End of the Ostrich Defense, The
Information Management Journal, Jan/Feb 2005 by Montaña, John C
While it did not set any new precedents or change the world, Zubulake v UBS Warburg signals a big shift - rational analysis is at least entering the realm of electronic records and the courts
The information management world has been much abuzz of late over a series of interlocutory orders in the case of Zubulake v. UBS Warburg.
Since the filing of the case in 2002, federal judge Shira Scheindlin of the Southern District of New York has issued five opinions and orders, gaining her a reputation as the scourge of sloppy electronic records management. Scheindlin's July 20, 2004, order (Zubulake V) imposed hefty sanctions on the defendant, including the much-feared sanction of an adverse inference and an accompanying jury instruction, meaning the jury was told it could infer that the defendant destroyed potentially relevant evidence because the company feared the evidence would be unfavorable.

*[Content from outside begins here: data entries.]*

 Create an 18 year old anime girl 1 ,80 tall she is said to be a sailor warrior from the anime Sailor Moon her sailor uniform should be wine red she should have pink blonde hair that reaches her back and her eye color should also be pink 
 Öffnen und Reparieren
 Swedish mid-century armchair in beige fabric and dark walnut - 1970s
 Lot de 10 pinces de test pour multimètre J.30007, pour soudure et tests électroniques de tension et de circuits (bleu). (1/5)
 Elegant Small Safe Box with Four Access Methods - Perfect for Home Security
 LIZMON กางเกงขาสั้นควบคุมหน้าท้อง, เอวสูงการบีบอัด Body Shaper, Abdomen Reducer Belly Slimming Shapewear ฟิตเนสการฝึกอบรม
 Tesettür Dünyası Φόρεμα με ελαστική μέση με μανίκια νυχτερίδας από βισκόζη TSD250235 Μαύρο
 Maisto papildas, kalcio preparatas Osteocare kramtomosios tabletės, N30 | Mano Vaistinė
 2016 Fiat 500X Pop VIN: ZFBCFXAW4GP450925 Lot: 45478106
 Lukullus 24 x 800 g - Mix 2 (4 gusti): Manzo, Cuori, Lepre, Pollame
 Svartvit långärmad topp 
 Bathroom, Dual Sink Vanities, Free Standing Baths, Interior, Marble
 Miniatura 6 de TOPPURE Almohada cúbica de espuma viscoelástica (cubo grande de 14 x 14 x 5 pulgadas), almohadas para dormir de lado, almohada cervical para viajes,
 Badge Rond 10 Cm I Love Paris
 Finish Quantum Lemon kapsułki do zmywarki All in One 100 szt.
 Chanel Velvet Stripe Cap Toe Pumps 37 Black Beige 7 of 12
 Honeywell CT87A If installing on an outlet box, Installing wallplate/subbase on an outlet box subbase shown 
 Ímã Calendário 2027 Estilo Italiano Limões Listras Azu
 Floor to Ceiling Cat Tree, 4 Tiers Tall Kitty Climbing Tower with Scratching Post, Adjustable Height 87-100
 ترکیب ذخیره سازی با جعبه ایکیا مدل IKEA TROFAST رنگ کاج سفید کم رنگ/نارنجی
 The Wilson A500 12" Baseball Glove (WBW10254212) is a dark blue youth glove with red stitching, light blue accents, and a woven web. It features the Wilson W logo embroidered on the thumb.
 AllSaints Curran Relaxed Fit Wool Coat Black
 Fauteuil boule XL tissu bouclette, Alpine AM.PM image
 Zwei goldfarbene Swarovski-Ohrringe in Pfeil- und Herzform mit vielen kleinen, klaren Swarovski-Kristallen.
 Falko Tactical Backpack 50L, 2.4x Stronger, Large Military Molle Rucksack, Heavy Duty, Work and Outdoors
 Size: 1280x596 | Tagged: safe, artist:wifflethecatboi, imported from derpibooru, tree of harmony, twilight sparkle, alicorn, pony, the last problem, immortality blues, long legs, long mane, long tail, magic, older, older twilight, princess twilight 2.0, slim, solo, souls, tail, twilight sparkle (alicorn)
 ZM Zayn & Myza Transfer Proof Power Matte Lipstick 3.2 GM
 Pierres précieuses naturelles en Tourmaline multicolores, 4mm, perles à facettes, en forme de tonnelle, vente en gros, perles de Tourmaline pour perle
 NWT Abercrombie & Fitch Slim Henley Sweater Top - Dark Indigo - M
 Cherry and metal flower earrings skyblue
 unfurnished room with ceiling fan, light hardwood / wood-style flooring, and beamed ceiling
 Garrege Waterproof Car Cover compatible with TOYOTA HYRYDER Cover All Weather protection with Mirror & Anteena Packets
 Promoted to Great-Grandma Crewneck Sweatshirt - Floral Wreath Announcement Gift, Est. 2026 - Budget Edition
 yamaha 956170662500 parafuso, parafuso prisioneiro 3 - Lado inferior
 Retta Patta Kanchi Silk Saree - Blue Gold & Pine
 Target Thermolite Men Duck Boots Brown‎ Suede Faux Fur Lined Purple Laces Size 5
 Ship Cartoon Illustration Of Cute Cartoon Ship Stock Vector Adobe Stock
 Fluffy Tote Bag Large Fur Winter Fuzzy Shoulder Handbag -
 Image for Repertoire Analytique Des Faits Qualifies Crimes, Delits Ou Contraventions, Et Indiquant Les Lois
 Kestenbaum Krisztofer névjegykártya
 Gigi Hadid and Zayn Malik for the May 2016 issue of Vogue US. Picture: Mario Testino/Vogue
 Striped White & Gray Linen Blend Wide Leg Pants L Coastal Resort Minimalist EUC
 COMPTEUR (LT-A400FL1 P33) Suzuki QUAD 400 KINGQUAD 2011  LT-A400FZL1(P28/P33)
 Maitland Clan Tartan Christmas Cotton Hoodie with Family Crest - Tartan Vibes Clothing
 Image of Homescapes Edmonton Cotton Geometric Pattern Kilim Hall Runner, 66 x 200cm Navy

Zubulake continues to be an instructive case for those interested in the legal system's attempts to deal with records management issues in general and electronic records management issues in particular. In prior orders, Scheindlin considered the question of costs and difficulties of electronic discovery and the proper allocation of the costs between the parties. In so doing, she developed a test for determining the appropriateness of cost-shifting, taking into account prior authority such as the Rules of Civil Procedure and prior case doctrine, and ordered data sampling to be done in order to determine the potential relevance of e-mails located on backup tapes (Zubulake I). In a later order (Zubulake III), she applied that test and allocated costs for restoring backup tapes based upon the results of the data sampling done pursuant to her prior order. In the current phase of the case (as of the end of 2004), Scheindlin has had occasion to examine and rule upon the results of her earlier orders.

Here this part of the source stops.